What grade were/are you in?:
11th

What grade will you be in next year?:
12th. SENIORSSSSS

How old are you?:
the big 17

What were your classes for the year?: (kind of ASB for 0)

1. ap english/ touchton

2. sculpture/ imerson
3. math analysis/ shelton
4. physics honors/ houston

5. apush/ maclellan
6. T.A./ maclellan


What was your favorite class and why?: apush was my favorite! our conversations were always so ridiculous and funny. i loved kat, chris, and i's random pictures. the workload was a killer but all of the hard work paid off.


How many detentions did you get? none

Did you ever get caught with your cell phone?:
yeah, but my teachers dont care.

In what classes did you eat/drink in?:
all


What song(s) remind you of this school year?:
ghost ride it-mistah fab, escape-gwen stefani, back at one- bryan mcknight

What were your favorite things about this school year?:
holidays, breaks, oh...and the midterms of course...

Any new friends?:
yes! ive met my best friends this year.

What was your favorite sports game?: the tiki match

Who was your favorite senior? bijan.

Who was/is your favorite junior?: myself

Who was/is your favorite sophomore?: the girls in my math class. serena and jessica

Who was/is your favorite freshman?: matt's sister


What did you think about the senior class?:
aighhttt

What did you think about the junior class?:
no school spirit! we need more

What did you think about the sophomore class?
very spiritied. their hc skit was goodddd

What did you think about the freshman class?:
cute and tiny! i cant believe i was like that before. oh wait, im still the same size.

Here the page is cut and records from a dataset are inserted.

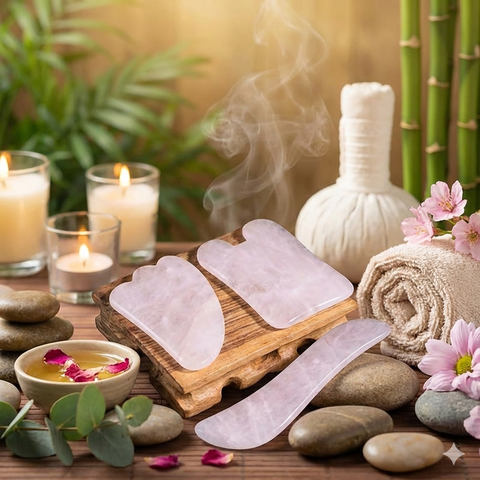 Kit Rituel Douceur : 3 Outils de Massage Gua Sha en Quartz Rose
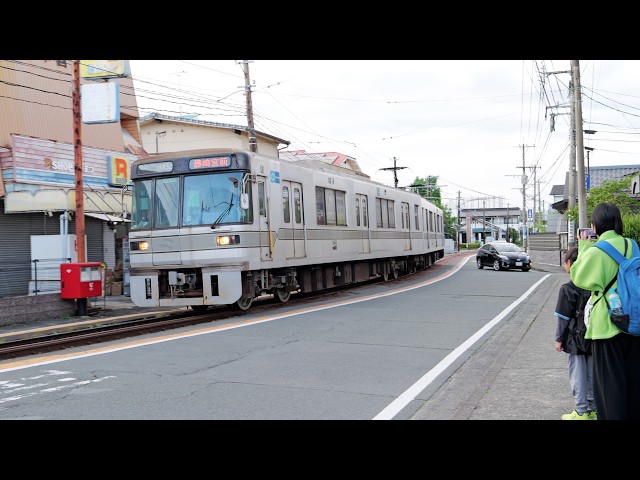 元東京メトロの車両が道を走る 熊本電鉄の併用軌道区間に行ってきた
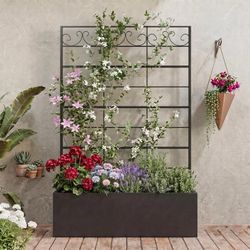LE05 $100  Metal Planter Box With Trellis, Outdoor Raised Garden Bed With Privacy Screen For Climbing Plants  Overall Dimensions 70.9'' H X 47.2'' W X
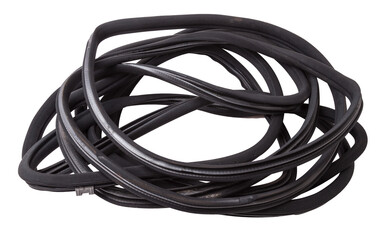 Rolled up black rubber sealant for elements of the car body, doors or trunk, for noise insulation, thermal and sound, preventing heat loss in the car interior. Sealing gasket for repair in a workshop.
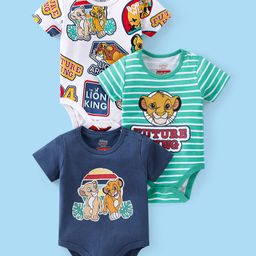 Babyhug Disney Interlock Half Sleeves Onesies With Lion King Graphics Pack of 3 - Multicolour-image-76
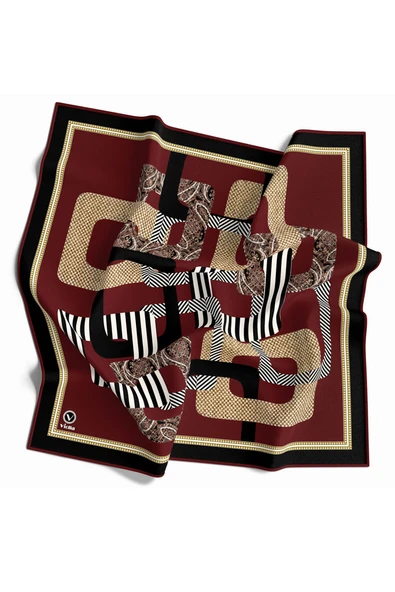 Twill Geometrik Desenli Bordo Renkli 90x90 Eşarp (İpek İçermez) Kenar Dikiş Şekli El Dikişli ürün görseli 1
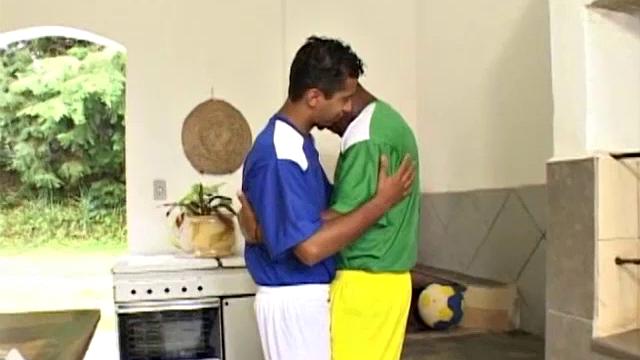 Blatino stud Junior gets together with stud Mike after the soccer game for some hot bareback post-game activities. But not before Mike gets a taste of that huge blatino cock.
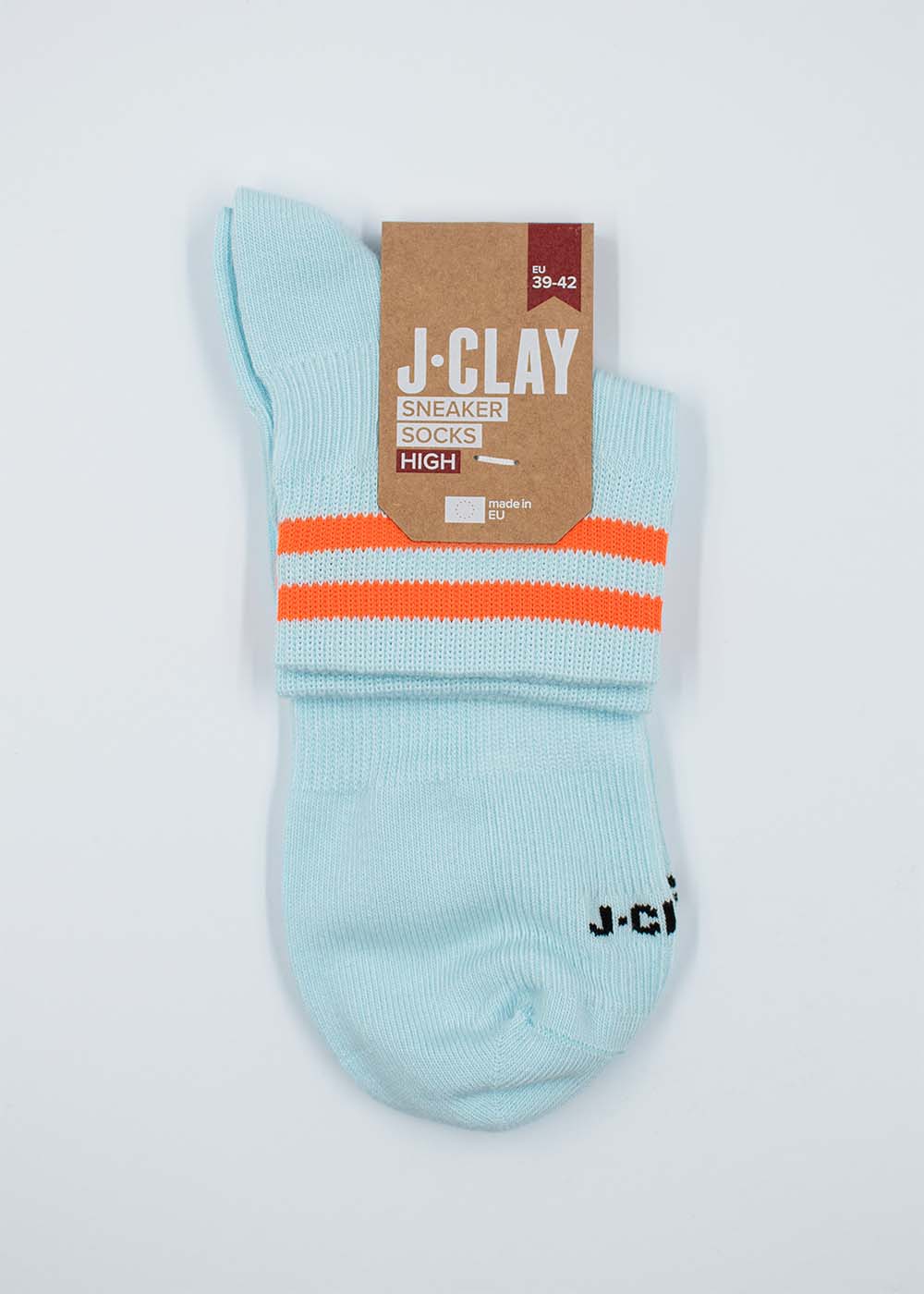 Orange Neon Stripes - Sneaker Socken High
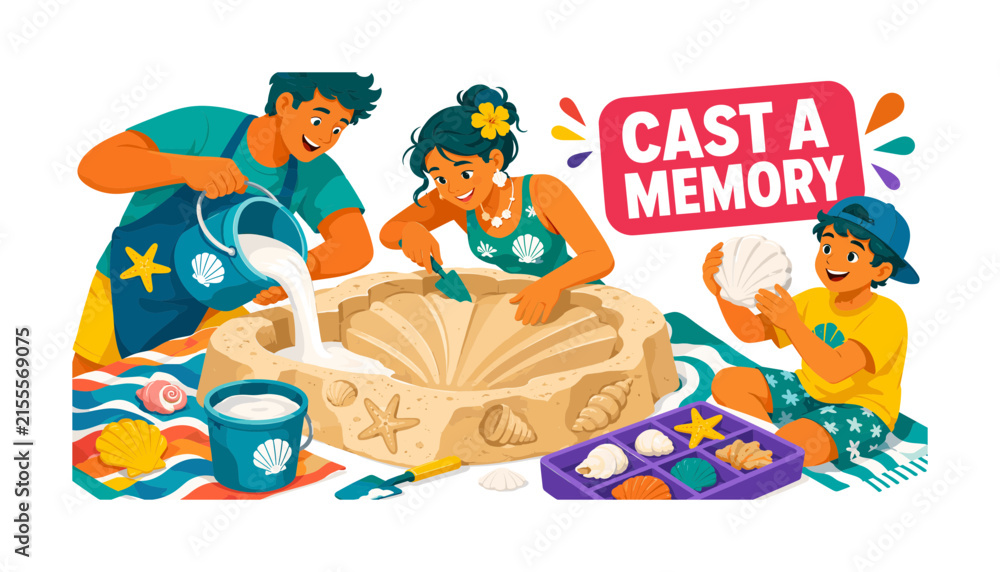 Naklejka premium Beach Sand Casting Banner illustration showing a family workshop with three participants creating an oversized plaster sand cast beside a large carved beach mold, one pouring mixture, one shaping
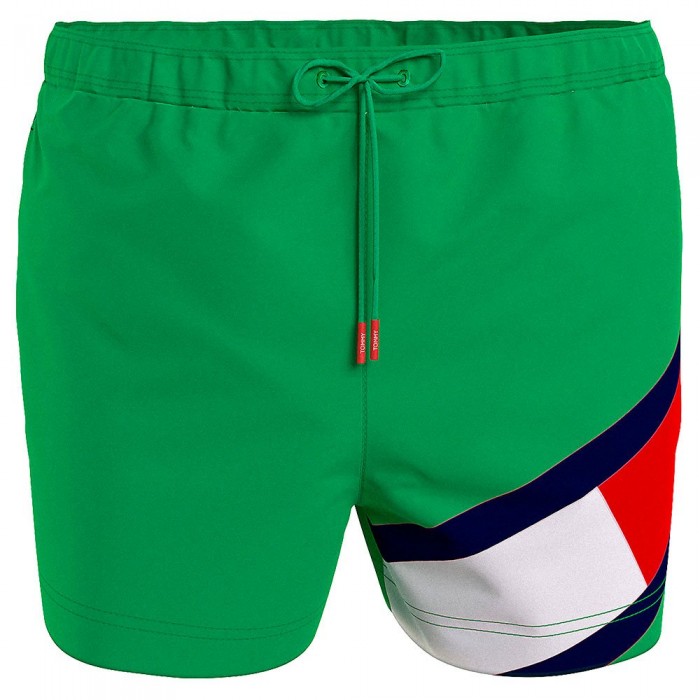 [해외]타미힐피거 Colour Blocked Slim Fit Mid Length Swimming Shorts Primary Green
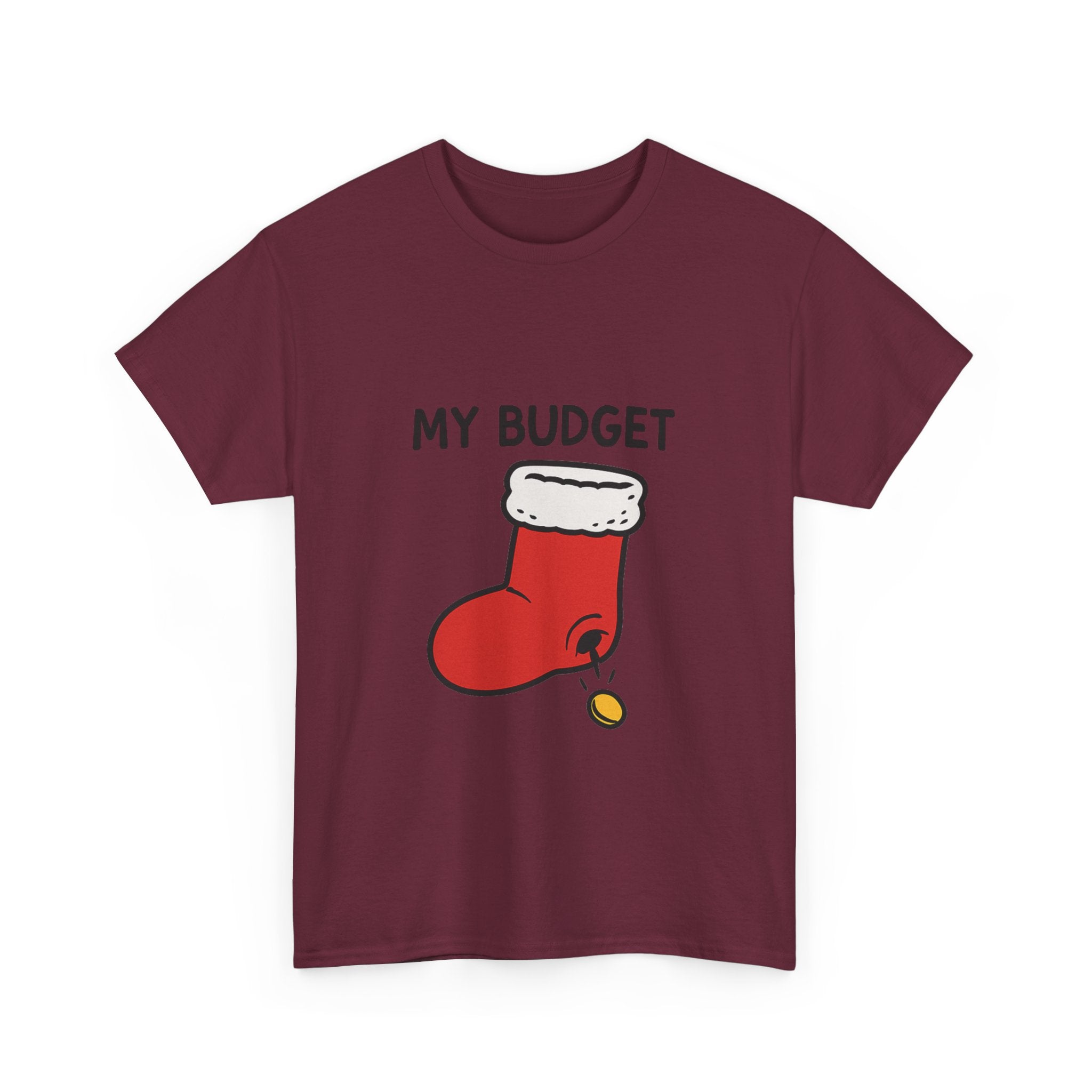 My Budget T-Shirt | Funny Christmas Stocking Graphic Tee | Holiday Finance Humor Gift | Gildan 5000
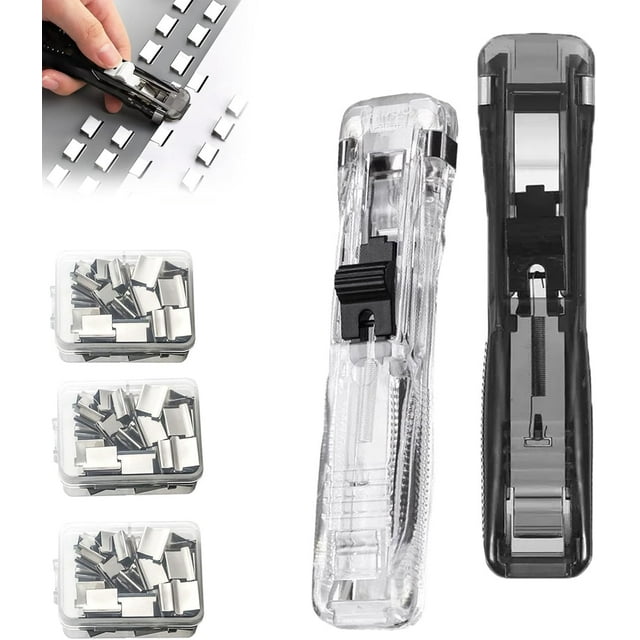 Portable Binder Clip Stapler - Includes 50 Reusable Clips, Handheld Paper Clam Clip Dispenser, Reusable Fast Paper Clipper for Office Home (Trans+Black)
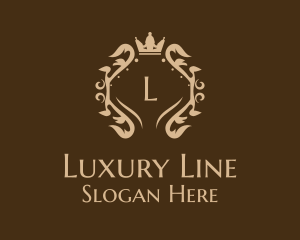 Luxury Crown Wreath logo design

If you could change one thing about this school year, what would it be?
oh there's many...but i wish i didnt say the things i said, i wish i did my quiet times, and i wish i tried harder 1st semester.

What are you looking forward to most next year?:
everything during 2nd semester

What you are NOT looking forward to?:
college apps


Tuesday, June 12, 2007

learn from mistakes.

hm..i really don't know if i should be talking about this right here, but here it is.

i never thought that id write anything like this. oh well.

NOTE: this is written from a girls perspective, so its basically about me and a boy. still, i think it could be helpful to guys too, and if they do read it, switching the he/him to she/her (etc) will be useful.

so...

three weeks ago, i broke up with my boyfriend of 5 months. when i did though, i assumed that we would get back together; wow, i was so wrong. i told him that i thought that we should get back together, but he disagreed because he thought it wouldnt work out since we constantly got into stupid fights towards the end of our relationship. nevertheless, even if the topic was a dumb disagreement, it doesnt change the fact that we got in arguments often. plus, these arguments were a result of much larger issues we failed to talk over. i regret many things i did and said, but those are in the past. i wish i could do something about it, but there's not much i can change. i can only improve myself to be a better person.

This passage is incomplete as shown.